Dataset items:
○ ○ ○ ○ ○
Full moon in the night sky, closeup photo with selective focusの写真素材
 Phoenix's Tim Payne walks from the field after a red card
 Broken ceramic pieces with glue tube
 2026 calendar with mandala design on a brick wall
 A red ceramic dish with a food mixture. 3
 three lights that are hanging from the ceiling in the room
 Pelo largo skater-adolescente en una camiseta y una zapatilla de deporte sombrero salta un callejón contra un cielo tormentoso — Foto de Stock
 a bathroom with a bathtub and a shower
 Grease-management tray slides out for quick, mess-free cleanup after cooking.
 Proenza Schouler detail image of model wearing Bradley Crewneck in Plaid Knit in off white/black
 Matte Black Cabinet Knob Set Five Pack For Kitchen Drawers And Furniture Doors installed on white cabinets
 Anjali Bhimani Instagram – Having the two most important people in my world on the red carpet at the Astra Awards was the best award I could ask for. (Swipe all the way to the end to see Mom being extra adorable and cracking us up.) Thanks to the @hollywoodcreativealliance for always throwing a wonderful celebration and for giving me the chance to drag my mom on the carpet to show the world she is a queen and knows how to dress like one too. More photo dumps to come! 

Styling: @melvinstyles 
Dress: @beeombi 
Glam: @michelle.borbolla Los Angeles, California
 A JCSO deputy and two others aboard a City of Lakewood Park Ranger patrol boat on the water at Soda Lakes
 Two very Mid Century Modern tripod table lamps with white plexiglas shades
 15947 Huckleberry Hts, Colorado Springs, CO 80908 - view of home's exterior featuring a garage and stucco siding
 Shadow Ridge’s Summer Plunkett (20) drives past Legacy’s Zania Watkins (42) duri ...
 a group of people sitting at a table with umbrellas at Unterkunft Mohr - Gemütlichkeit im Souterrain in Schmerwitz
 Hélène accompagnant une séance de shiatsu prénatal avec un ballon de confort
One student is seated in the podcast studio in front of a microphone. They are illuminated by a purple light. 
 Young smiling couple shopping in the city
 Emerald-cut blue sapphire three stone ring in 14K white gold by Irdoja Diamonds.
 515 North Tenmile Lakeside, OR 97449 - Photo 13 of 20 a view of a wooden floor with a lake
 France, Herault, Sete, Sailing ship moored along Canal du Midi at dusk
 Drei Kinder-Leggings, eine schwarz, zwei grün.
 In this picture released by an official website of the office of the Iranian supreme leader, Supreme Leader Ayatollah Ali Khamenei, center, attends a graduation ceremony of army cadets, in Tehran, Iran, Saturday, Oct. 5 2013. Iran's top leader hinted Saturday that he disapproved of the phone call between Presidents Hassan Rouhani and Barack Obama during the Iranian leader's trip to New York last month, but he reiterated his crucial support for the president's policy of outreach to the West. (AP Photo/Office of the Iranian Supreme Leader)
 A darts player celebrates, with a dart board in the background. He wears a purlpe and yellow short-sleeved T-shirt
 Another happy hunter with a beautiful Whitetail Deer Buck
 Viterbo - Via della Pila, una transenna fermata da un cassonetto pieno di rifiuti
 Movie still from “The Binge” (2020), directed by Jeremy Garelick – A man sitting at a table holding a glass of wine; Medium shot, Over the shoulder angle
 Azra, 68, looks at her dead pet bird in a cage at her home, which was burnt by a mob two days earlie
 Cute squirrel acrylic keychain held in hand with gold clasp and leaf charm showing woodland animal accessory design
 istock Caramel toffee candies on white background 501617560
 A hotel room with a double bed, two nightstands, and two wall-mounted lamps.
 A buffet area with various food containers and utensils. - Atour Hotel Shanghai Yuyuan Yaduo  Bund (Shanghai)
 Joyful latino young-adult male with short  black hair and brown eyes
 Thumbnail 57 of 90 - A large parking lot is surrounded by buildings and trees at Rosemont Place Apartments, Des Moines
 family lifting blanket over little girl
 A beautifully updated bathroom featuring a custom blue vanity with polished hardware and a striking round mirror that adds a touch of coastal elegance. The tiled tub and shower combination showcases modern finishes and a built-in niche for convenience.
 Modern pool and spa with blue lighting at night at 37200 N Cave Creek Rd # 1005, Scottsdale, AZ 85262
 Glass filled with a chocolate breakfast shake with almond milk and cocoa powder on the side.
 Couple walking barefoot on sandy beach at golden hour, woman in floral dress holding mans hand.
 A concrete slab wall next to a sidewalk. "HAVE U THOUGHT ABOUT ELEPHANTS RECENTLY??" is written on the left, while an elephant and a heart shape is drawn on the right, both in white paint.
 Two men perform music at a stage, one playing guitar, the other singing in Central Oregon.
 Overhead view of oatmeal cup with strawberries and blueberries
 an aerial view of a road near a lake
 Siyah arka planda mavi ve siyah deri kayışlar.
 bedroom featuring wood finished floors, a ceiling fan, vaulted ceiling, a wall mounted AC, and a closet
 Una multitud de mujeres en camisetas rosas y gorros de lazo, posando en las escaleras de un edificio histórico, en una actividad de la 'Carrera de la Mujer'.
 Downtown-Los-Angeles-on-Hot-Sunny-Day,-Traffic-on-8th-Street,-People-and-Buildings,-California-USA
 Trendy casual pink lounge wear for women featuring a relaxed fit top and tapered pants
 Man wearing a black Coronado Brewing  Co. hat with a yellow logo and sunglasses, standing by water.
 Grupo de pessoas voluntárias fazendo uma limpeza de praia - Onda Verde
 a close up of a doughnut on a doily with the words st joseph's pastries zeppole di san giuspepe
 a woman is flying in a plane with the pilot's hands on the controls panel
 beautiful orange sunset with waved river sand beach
○ ○ ○ ○ ○
Task instructions: In the lines above, find each one with "shower" and list it.

Written solution:
 a bathroom with a bathtub and a shower
 A beautifully updated bathroom featuring a custom blue vanity with polished hardware and a striking round mirror that adds a touch of coastal elegance. The tiled tub and shower combination showcases modern finishes and a built-in niche for convenience.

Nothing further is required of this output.